Every record below, from first to last: print it exactly as shown.

Given information Block Start

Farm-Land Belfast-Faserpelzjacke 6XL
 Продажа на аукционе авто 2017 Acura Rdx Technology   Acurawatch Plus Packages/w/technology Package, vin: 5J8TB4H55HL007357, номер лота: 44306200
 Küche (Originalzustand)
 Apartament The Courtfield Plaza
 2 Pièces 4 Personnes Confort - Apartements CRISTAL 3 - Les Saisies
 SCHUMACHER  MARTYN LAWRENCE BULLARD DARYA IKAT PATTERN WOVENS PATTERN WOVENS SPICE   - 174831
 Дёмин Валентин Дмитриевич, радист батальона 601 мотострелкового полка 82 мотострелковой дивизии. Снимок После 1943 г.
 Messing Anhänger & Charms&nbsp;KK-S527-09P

Given information Block End

▸ Response to this task:
Farm-Land Belfast-Faserpelzjacke 6XL
 Продажа на аукционе авто 2017 Acura Rdx Technology   Acurawatch Plus Packages/w/technology Package, vin: 5J8TB4H55HL007357, номер лота: 44306200
 Küche (Originalzustand)
 Apartament The Courtfield Plaza
 2 Pièces 4 Personnes Confort - Apartements CRISTAL 3 - Les Saisies
 SCHUMACHER  MARTYN LAWRENCE BULLARD DARYA IKAT PATTERN WOVENS PATTERN WOVENS SPICE   - 174831
 Дёмин Валентин Дмитриевич, радист батальона 601 мотострелкового полка 82 мотострелковой дивизии. Снимок После 1943 г.
 Messing Anhänger & Charms&nbsp;KK-S527-09P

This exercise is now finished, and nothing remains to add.